Иногда ему приходит в голову блажь дать урок. Истории или сольфеджио. Отбивая ритм, он поднимается на носочки. Доредо. Редо. Мифамидо. Сольлясольсидо. История – его хобби, его почтовые марки, его голубятня. Ничего удивительного в том, что он сил своих не жалеет на Молодежное движение в Партии. Само собой. В школе он организовал хор. Трели. Благолепие. Юные певцы деревянной Виселицы. Медленно, но верно у малолетних сопрано вырастают в горле опухоли, под носом появляется пушок, и их вышвыривают. Во всем должен быть порядок. Директор – самый гладкий из всех, кого я знаю. Потому-то он и Директор. Такая властность, такое знание человечьих душ, такая изворотопрожорливость в сфере возможностей, такая совершенная дипломатия должны быть вознаграждены. Ах, сейчас своим пальцем – без перчатки – он постукивает меня по плечу.
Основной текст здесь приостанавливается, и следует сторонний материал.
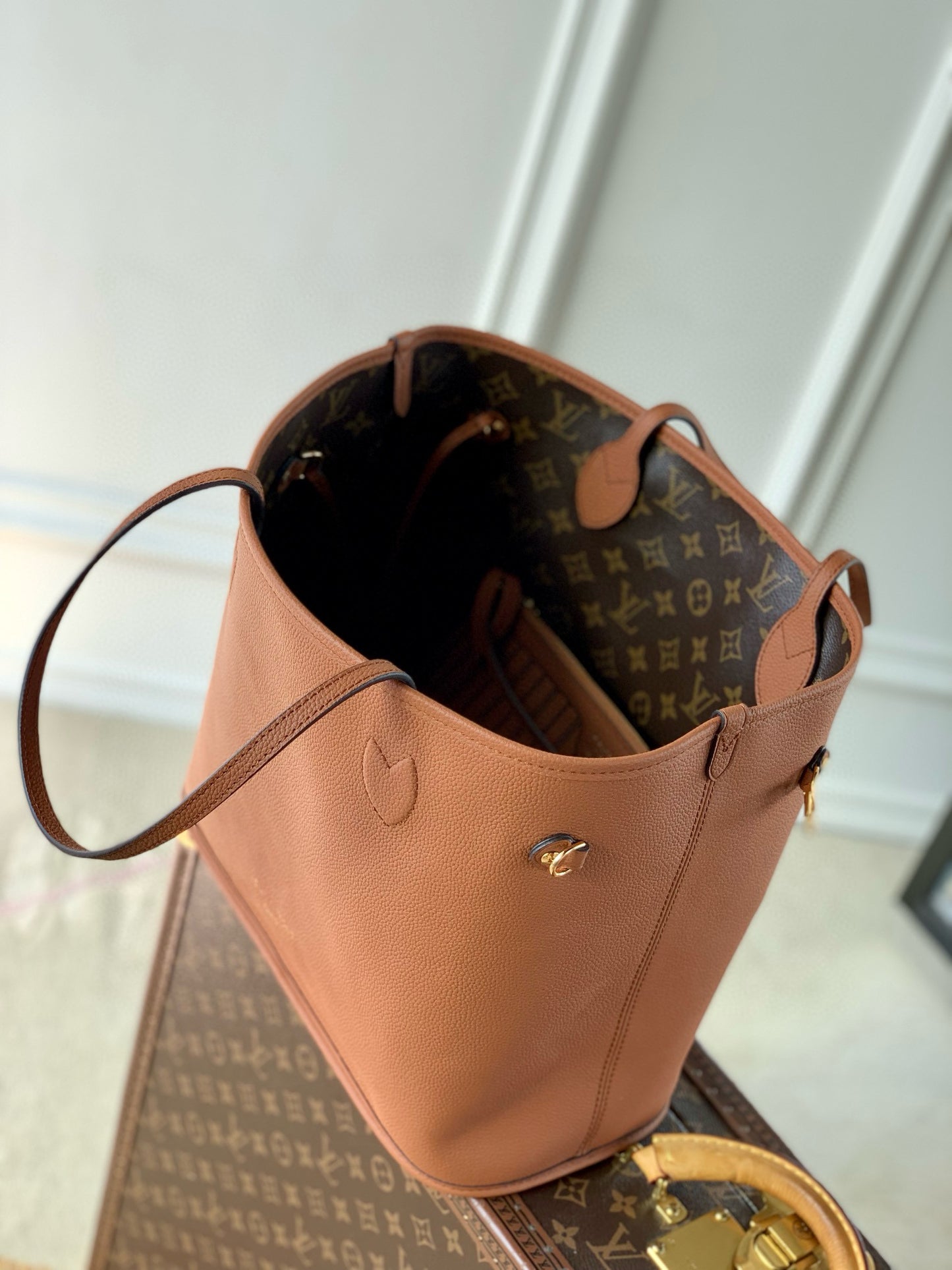 Louis Vuitton Neverfull Indside Out MM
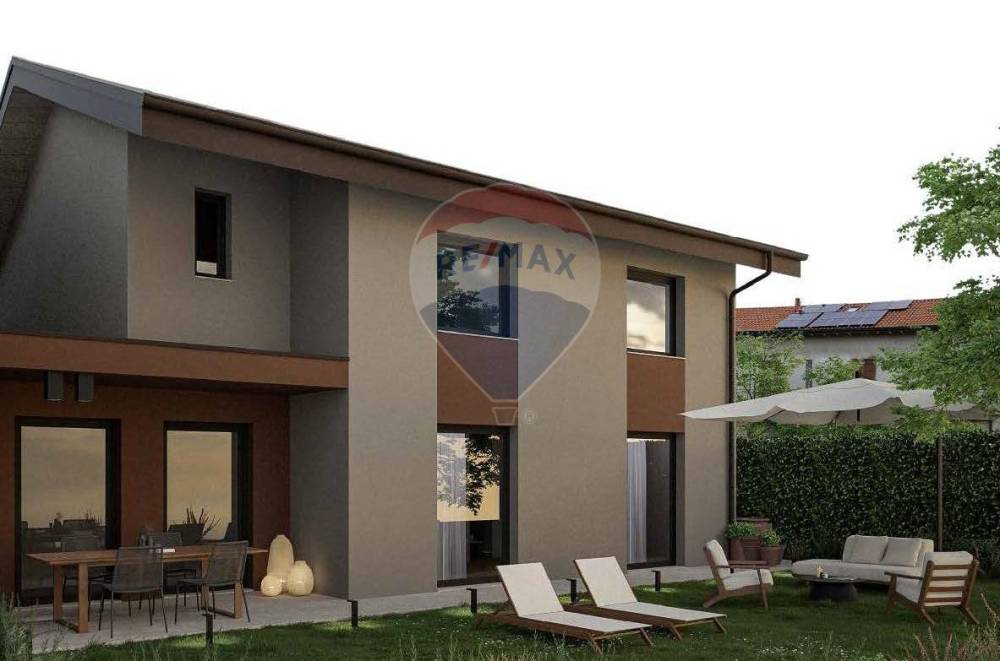 casa indipendente in vendita ad Arcisate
Хотя его никто не может сейчас видеть, ибо ученики – в коридоре, мы одни в классе, он позирует, глубоко вдыхает воздух, как диктор телевидения перед первой фразой, подмигивает и слегка наклоняется ко мне):
– Де Рейкел!
Я:
– …
Директор (закованный в свою позу, как личинка в кокон. Нет вежливости более жесткой, чем его! Как изысканно-холодно и чуткоотрешенно наклоняет он голову, будто прислушивается к зыбкому шуму в коридоре, где расшалились ученики. Он принюхивается, вынюхивает что-то, затхлый запах человека; мы, люди, тоже принадлежим к его расе, но мы несовершенны. О, круглый, не запятнанный никотином кончик его пальца – с выпуклым матовым ногтем, подпиленным и отполированным одной из трех его дочерей, с умело обработанной лункой, – он скользит вдоль гладко выбритой щеки, ищет щетинку или складочку, колеблется, ползет назад, вооруженная рогом фаланга, ищущая дорогу; так и его голос находит верный путь и произносит):
– Де Рейкел.
Рука у его щеки – я только что это заметил – держит перчатку, серую, утратившую плоть кисть, пучок обесточенных пальцев, подкушенный большой палец, кожаная длань, потерявшая службу (ее служба: при всех унижать меня).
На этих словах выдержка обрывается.